Le resserrement des écarts est généralement le signe d’une amélioration de la confiance dans l’économie ou dans la capacité des émetteurs à rembourser leurs dettes. Les investisseurs peuvent alors se sentir plus à l’aise pour prendre un risque de crédit sélectif, en renchérissant dans des obligations à rendement élevé dont les émetteurs présentent des fondamentaux solides, et ainsi rechercher un revenu supplémentaire.
Dans l’ensemble, les investisseurs peuvent ajuster leur exposition au crédit en fonction du contexte, en privilégiant la qualité lorsque les marchés sont volatils et en augmentant sélectivement le rendement lorsque les conditions se stabilisent.
Liquidité et sentiment de marché
Lorsque les marchés sont soumis à des tensions, certains investissements peuvent devenir plus difficiles à négocier.

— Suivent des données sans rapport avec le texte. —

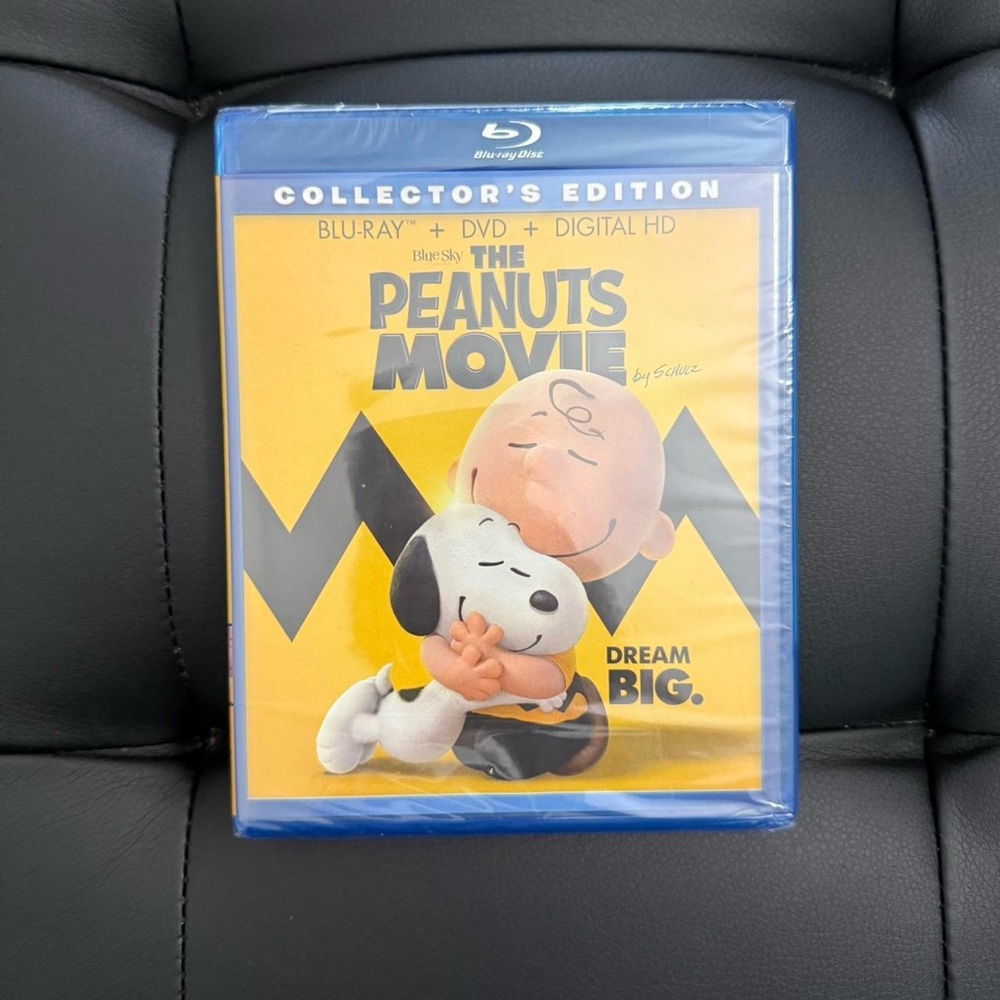 The Peanuts Movie 2015 Blu-ray DVD collectors edition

Les cours des obligations plus risquées peuvent chuter, entraînant une hausse des taux de rendement, les investisseurs exigeant une plus grande rémunération à cause d’un risque accru de défaillance. Toutefois, les obligations d’État ou de sociétés de qualité élevée sont généralement plus faciles à négocier et leurs cours sont généralement moins volatils.
Lorsque les conditions du marché s’améliorent et que les investisseurs ont plus d’appétit pour le risque, ils peuvent ajuster leurs portefeuilles pour refléter des perspectives plus optimistes en détenant des obligations de moindre qualité et à rendement plus élevé ou des obligations émises par des gouvernements ou des sociétés des marchés émergents.
Évolution des événements mondiaux
Les événements mondiaux tels que les conflits, les différends commerciaux ou les crises de santé publique peuvent tous avoir un impact sur les marchés financiers. Lorsque les cours baissent en raison de ces chocs imprévisibles, les investisseurs sont décrits comme étant dans un état d’esprit d’aversion au risque. Dans ce contexte, ils réduisent généralement leur exposition aux actifs à risque supérieur et se tournent vers des investissements perçus comme plus sûrs. Les obligations de qualité élevée sont souvent considérées comme une valeur refuge relative pendant ces périodes, et la demande pour ces actifs a tendance à augmenter.
Une fois les turbulences du marché apaisées, les investisseurs délaissent souvent les valeurs refuges au profit d’actifs à rendement plus élevé offrant un potentiel d’appréciation plus important, tels que les actions ou les obligations de moindre qualité.
Mettre en pratique les stratégies obligataires
Les différents types d’obligations réagissent différemment aux conditions économiques et de marché, c’est pourquoi les titres obligataires peuvent jouer un rôle essentiel en aidant les investisseurs à gérer le risque et à maintenir la diversification d’un portefeuille équilibré.
Positionner avec succès les portefeuilles obligataires dans des scénarios économiques changeants exige de la flexibilité et une bonne compréhension de la dynamique du marché. Cela peut impliquer l’ajustement de facteurs tels que l’échéance, l’exposition au crédit et la répartition sectorielle pour refléter l’évolution des conditions. Ces décisions peuvent être complexes, c’est pourquoi de nombreux investisseurs choisissent de travailler avec des gestionnaires professionnels qui disposent des ressources et de l’expertise nécessaires pour suivre les marchés et mettre en œuvre des stratégies de manière efficace.